When the search terminates, the last recorded feasible node is the smallest-address node with size at least $r$, since any node skipped due to left-subtree infeasibility cannot contain a valid candidate in address order.

Deletion proceeds in both trees as in the best-fit case.

Verification

In $T_S$, every comparison with $\text{SIZE}(P)$ partitions the remaining search interval into nodes with strictly smaller size or potentially valid nodes, and every descent follows a child link, so no node is revisited. The height of an AVL tree is bounded by $O(\log n)$ by Theorem A of Section 6.2.3, so the search uses $O(\log n)$ steps.

Minimality of the returned node follows from the BST ordering: whenever a node $P$ with $\text{SIZE}(P)\ge r$ is encountered, all nodes in $LLINK(P)$ have size at most $\text{SIZE}(P)$, so any smaller feasible node must lie in that subtree, and the algorithm descends accordingly until no such node remains.

In $T_A$, the condition $M(LLINK(P))<r$ implies that every node in the left subtree has size strictly less than $r$, so no feasible candidate is discarded incorrectly when moving right. Conversely, when $M(LLINK(P))\ge r$, at least one feasible node exists in the left subtree, so moving left preserves completeness of the search region. Thus the algorithm never bypasses a valid first-fit candidate.

Since each move follows one child pointer in a balanced tree, the path length is bounded by the height of $T_A$, hence $O(\log n)$.

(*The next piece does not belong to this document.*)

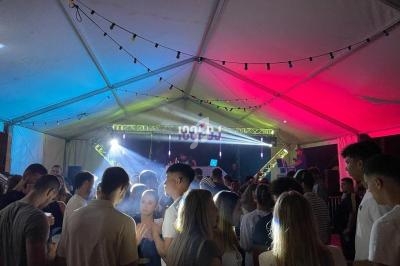 Foule rassemblée sous une tente éclairée par des lumières colorées, avec un DJ sur scène en arrière-plan.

Both structures maintain AVL balance under insertions and deletions as in Algorithm 6.2.3A, so the height bound is preserved throughout updates.

This completes the proof. ∎

Notes

A single balanced tree can also support both operations by storing both keys $(\text{LOW}(P), \text{SIZE}(P))$ and maintaining a more elaborate augmentation, but the dual-tree representation matches the natural decomposition of the two orderings used by the algorithms of Section 2.5.